Three years ago, on 31 March 2010, shortly before the adaptation of Memorandum, the central government debt was 310.3 billion, according, always, to the official Public Debt Report announced by the Ministry of Finance. So after three years of efforts, Greece managed to reduce its debt in absolute numbers by just 1 billion.
At the same time, the shrinking Greek GDP by 25%, due to the austerity measures, is making public debt non-viable. Moreover, the European Commission estimates that general government debt will reach 175% of GDP in 2013 and 2014, falling to 160% of GDP in 2016.
It is estimated that the increased debt in the last 12 months, is primarily due to loans received by the country from the eurozone and IMF to meet the needs of recapitalization of Greek banks, but also due to the obligations of public sector.

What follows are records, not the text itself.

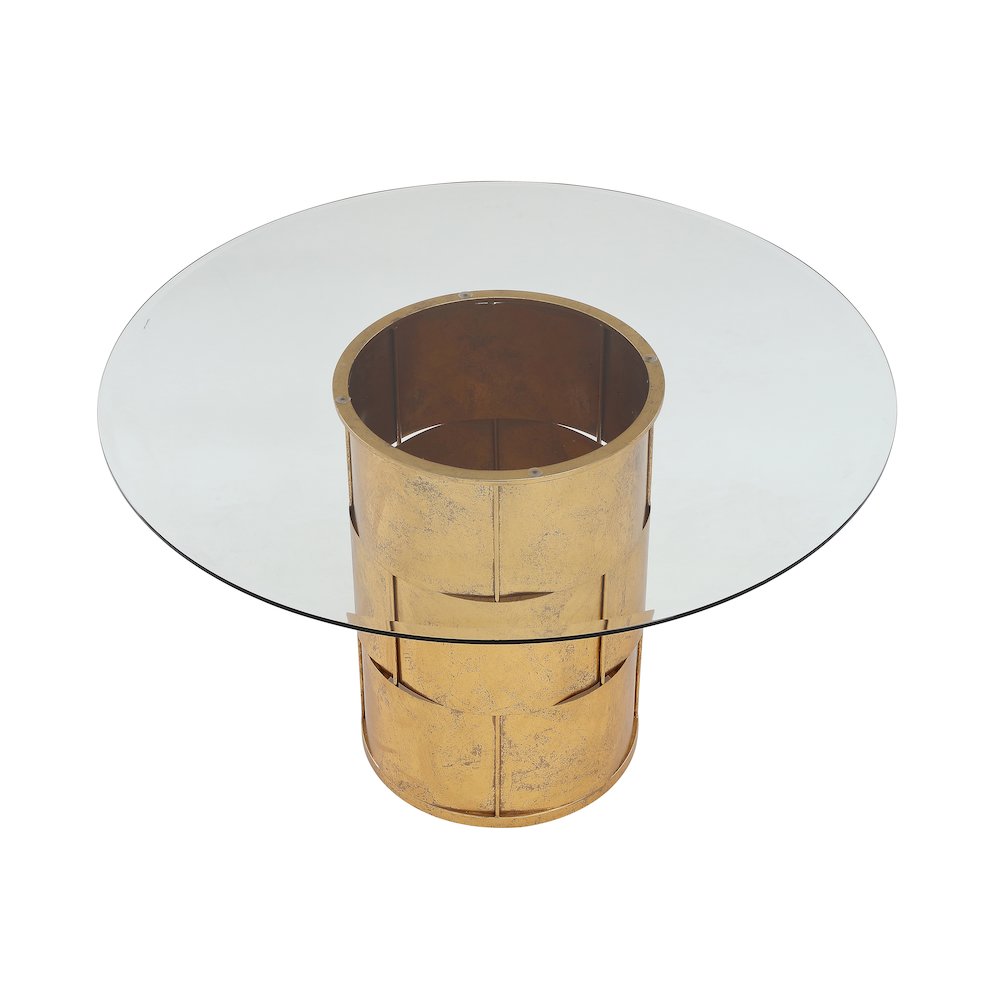 Z-Margot Dining Table Gold. Picture 3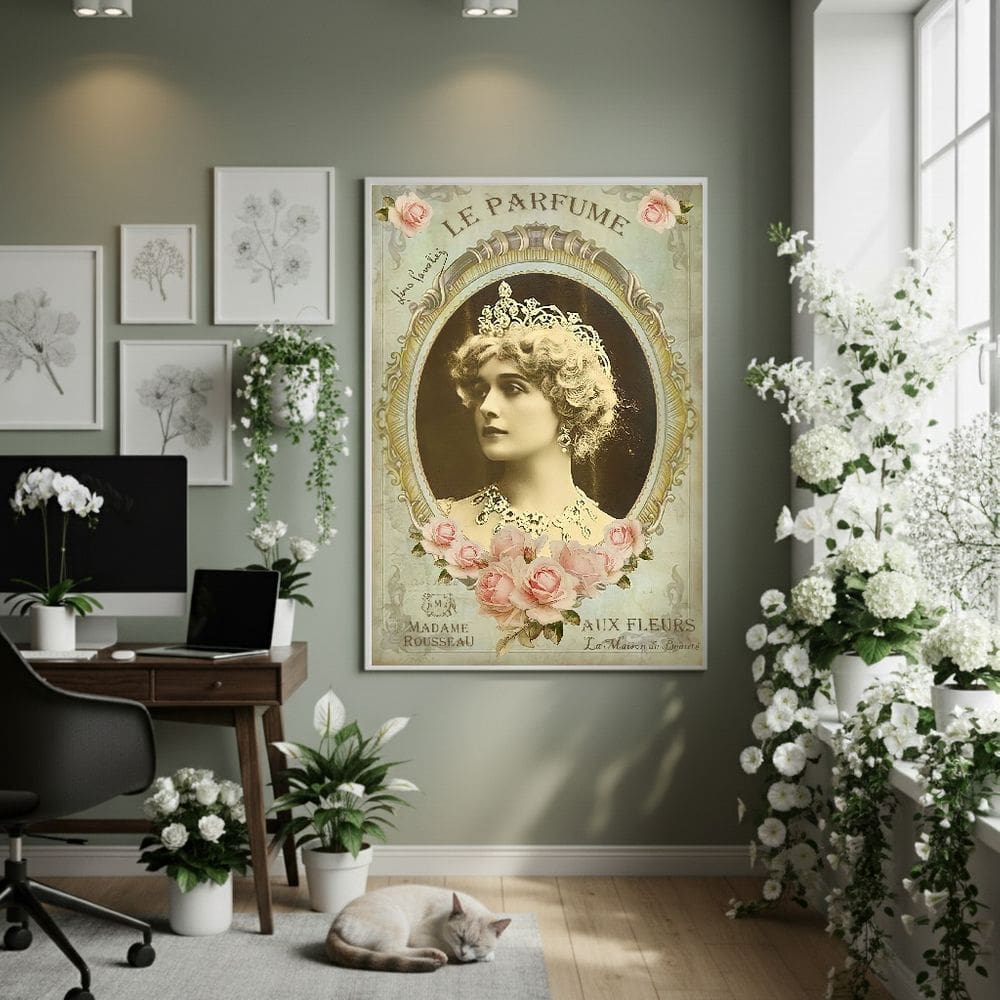 Quadro Decor Essência De Lina 70x50cm Mold Preta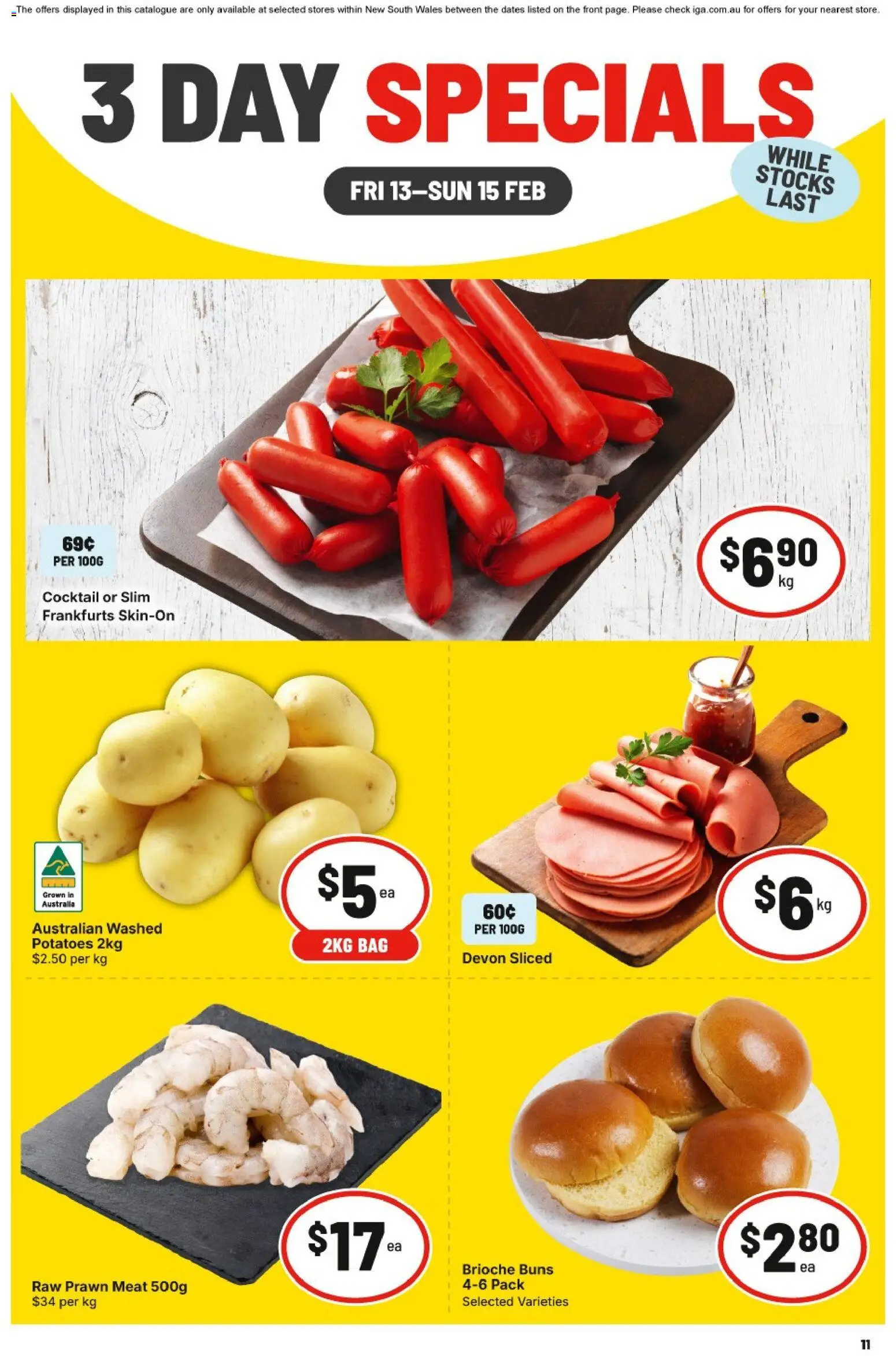 IGA - 3 Day Specials NSW - page 1- valid from 13/02/2026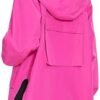PESION Womens Waterproof Raincoat Lightweight Rain Jacket Tr...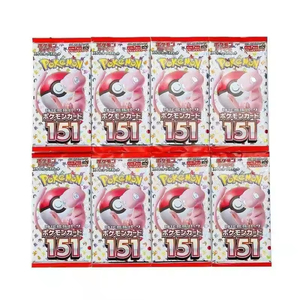 Set de 151 Cartas Pokémon Japonesas SV2a, Caja Sellada de Sobres, Pikachu, Gengar, Cartas TCG, Juego de Cartas Pokémon - Product Image 4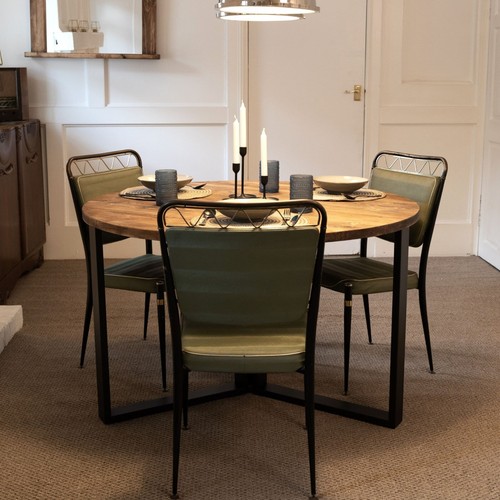 Astrid round reclaimed wood - round,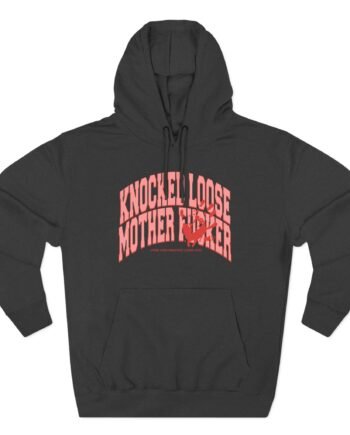 Knocked Loose Three-Panel Fleece Hoodie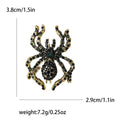 Rhinestone Spider Brooch Green Black or Red Black Metal Pin Brooch view 6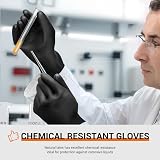 ThxToms Chemical Resistant Gloves Heavy Duty Rubber Acid Alkali Oil 14 Inch 1 view 4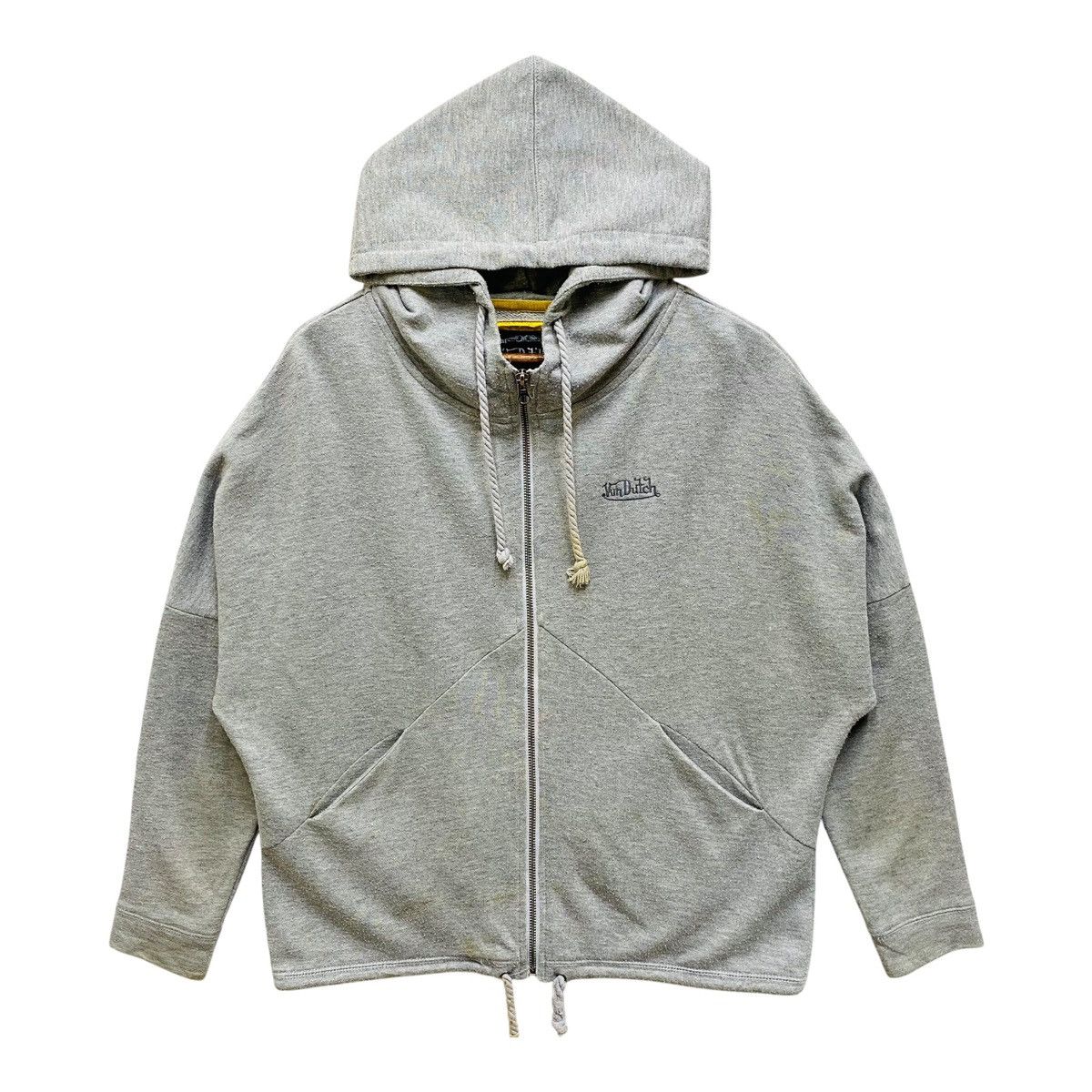 Von Dutch Vintage Von Dutch Zip Up Boxy Hoodie Grey Heather Size M Size US M / EU 48-50 / 2 - 1 Thumbnail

According to the European Commision report on the Greek program, the total loans given to Greece by the EU-IMF from 2010 until now, reach 205.1 billion euros. Specifically, 73 billion euros were given from the first program (52.9 billion from eurozone Member States and 20.1 billion from the IMF), and 132.1 billion euros from the second program, from 2012 onwards (127.3 from EFSF and 4.84 from IMF).